しかし、エマさんはその苦しい状況を、自分が生きるための力に変えました。
マイナスに見えるものを、プラスに変えて利用したわけです。
また、同じ苦しみを持つ人たちのためにという想いも、大きな力となりました。
誰かのためにという想いが、自身の生きる力になったのです。
もし、自分のことしか考えない人であれば、子供の気持ちや、同じオストメイトの人たちの気持ちを、思い遣ることはできなかったでしょう。
そんな人は、自分だけがつらい想いをしているという、閉塞的な考えにはまってしまい、人生に絶望し、他人の気持ちも考えられないまま、全てをリセットしたくなるのです。
エマさんの生き方は、オストメイトの方だけでなく、全ての他の人々にとって、模範となるものです。
人生の苦しみは人工肛門だけではありません。
いろんな苦しみがあり、中には、他人から見て問題ないじゃないか、と思われるようなものも、少なくないのです。
どんな苦しみであれ、本人にとっては大問題なわけであり、そこからどう抜け出せばいいのか、わからずに悩み続けてしまいます。
そんな人たちにとって、エマさんの姿は、やはり大いなる励みになるでしょう。
エマさんのことは、NHKの番組で紹介されていたのですが、番組の中でエマさんは、とても大切なことを伝えていました。
それはオストメイトになった自分自身が、パウチを装着している姿を、恥ずかしいものだと思い込んでいたのではないか、というものです。

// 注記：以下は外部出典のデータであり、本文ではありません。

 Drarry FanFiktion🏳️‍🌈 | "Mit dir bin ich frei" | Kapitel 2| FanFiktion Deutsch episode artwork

自分で自分を恥じるからこそ、周囲の人が同じように見ていると思うだろうし、実際、そう見られてしまうということでしょう。
今のエマさんは、パウチを少しも恥じないと言います。
パウチは自分の一部であるといい、隠すべきものとは思わないそうです。
この言葉は本当に素晴らしい。
同じことは、いろんな人に当てはまると思います。
自信を失っている人、嫌なことや恥ずかしい経験をしてしまった人。
こんな人たちは、自分が価値のないものだと信じ込み、他の人たちも自分を、そのように受け止めていると思いがちです。
でも、実際はそんなことはありませんし、自分が堂々として人生を楽しんでいれば、他の人ともいい関係を築けます。
自分の想いが、自分を取り巻く状況を創っている。
このことをエマさんは教えてくれました。
エマさんは、これからも一人の人間として、輝く人生を歩まれるでしょう。